Com prazo se encerrando em 28 de março, comissão parlamentar mista lida com embates políticos e revelações polêmicas
CPMI do INSS caminha para o fim dos trabalhos em 28 de março com controvérsias, falta de prorrogação e investigações críticas sobre fraudes.
Conflitos políticos e liderança oposicionista na CPMI do INSS
A CPMI do INSS entrou em sua reta final em 07/03/2026, com o prazo de funcionamento previsto para encerrar em 28 de março, sem perspectiva clara de prorrogação. Desde a instalação, o colegiado foi marcado por embates políticos intensos entre governistas e oposição. Uma articulação de última hora garantiu a presidência da comissão ao senador Carlos Viana (Podemos-MG), com o deputado Alfredo Gaspar (União Brasil-AL) na relatoria, consolidando o controle oposicionista da investigação. Essa mudança surpreendeu o cenário inicial e alterou o equilíbrio político da CPMI, dificultando a condução alinhada ao governo.
Investigação do esquema de fraudes e depoimento do “Careca do INSS”

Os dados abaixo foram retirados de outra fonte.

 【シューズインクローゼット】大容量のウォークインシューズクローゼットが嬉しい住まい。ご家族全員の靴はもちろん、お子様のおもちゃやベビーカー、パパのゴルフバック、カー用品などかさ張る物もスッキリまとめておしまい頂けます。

Um dos pontos centrais das investigações foi o depoimento do empresário Antônio Carlos Camilo Antunes, conhecido como “Careca do INSS”, apontado como operador do esquema de descontos indevidos em benefícios previdenciários. Apesar de sua relevância na apuração, o depoimento foi considerado frustrante por boa parte dos parlamentares, já que ele negou irregularidades e forneceu poucas informações novas. As investigações indicam que Antunes atuava via entidades associativas e empresas ligadas a ele, movimentando recursos relacionados às fraudes, mas a comissão ainda enfrenta desafios para desvendar a fundo esse esquema.

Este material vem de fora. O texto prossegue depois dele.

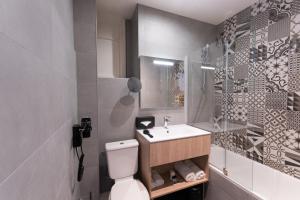 Koupelna v ubytování Hotel Aria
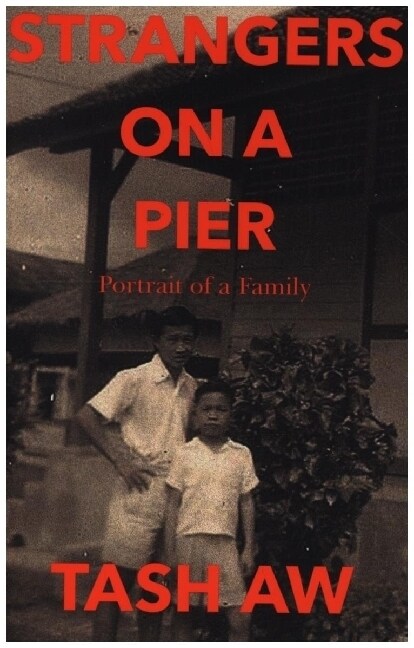 Strangers on a Pier : Portrait of a Family (Hardcover)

Polêmicas envolvendo a quebra de sigilo de Fábio Luís Lula da Silva
Em 26 de fevereiro de 2026, a CPMI aprovou a quebra de sigilo bancário e fiscal de Fábio Luís Lula da Silva, o Lulinha, filho do presidente Luiz Inácio Lula da Silva, suscitando forte reação da base governista. A votação em bloco da medida provocou questionamentos e foi posteriormente anulada pelo ministro do Supremo Tribunal Federal Flávio Dino, após recurso judicial. Essa decisão gerou controvérsias e evidenciou a polarização política que permeia a comissão, dificultando o avanço em investigações consideradas sensíveis e de alto impacto.

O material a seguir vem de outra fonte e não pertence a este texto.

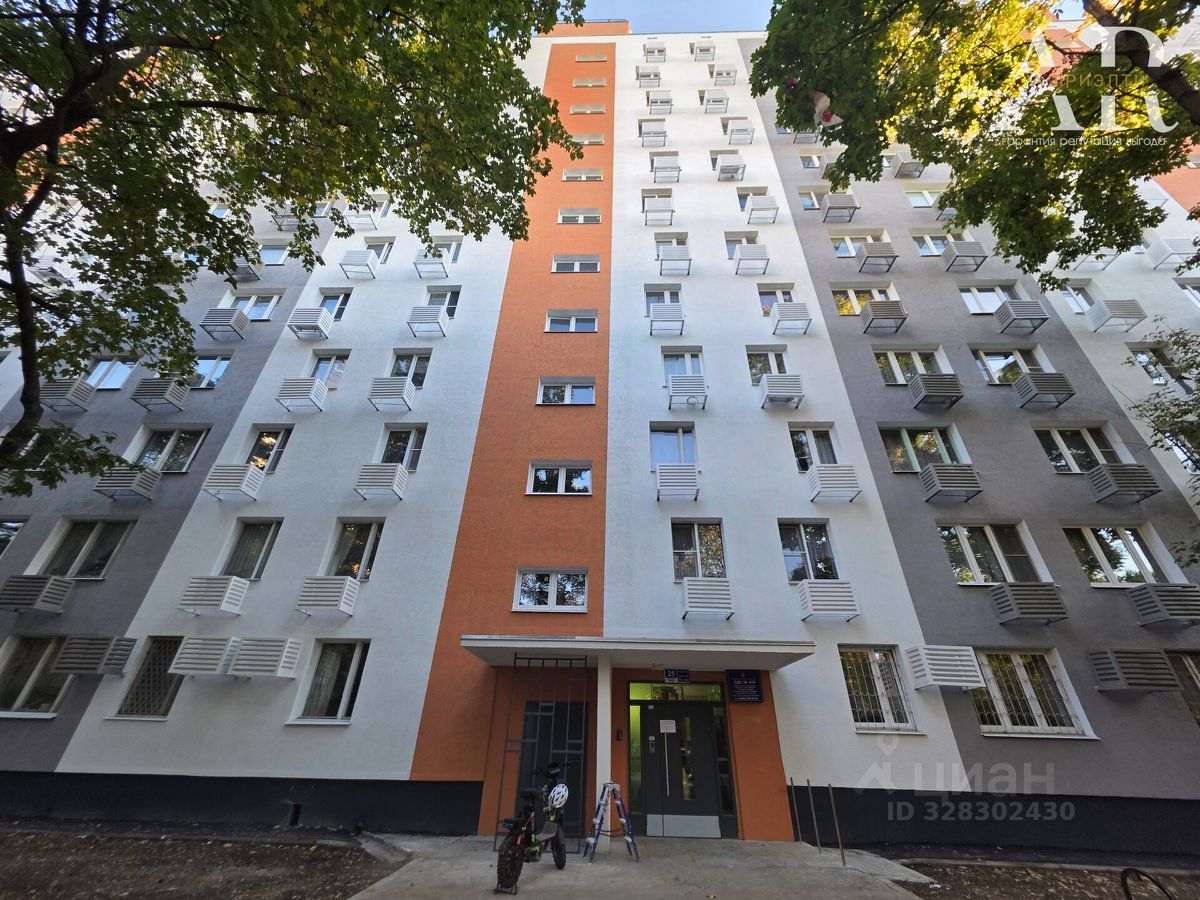 Продажа 3-комн квартиры на вторичном рынке Ореховый бульвар, 25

Convocação e ausência do banqueiro Daniel Vorcaro
Outra figura chave nas investigações é o banqueiro Daniel Vorcaro, proprietário do Banco Master, cujos dados telefônicos indicam possível envolvimento em mensagens trocadas com o ministro Alexandre de Moraes do STF, conforme revelações da CPMI. Vorcaro foi convocado para depor, mas não compareceu, amparado por decisão judicial que lhe garantiu o direito de não prestar esclarecimentos. A ausência limita o avanço da comissão na investigação de suas supostas relações comerciais ligadas às fraudes, mantendo o cenário de impasse.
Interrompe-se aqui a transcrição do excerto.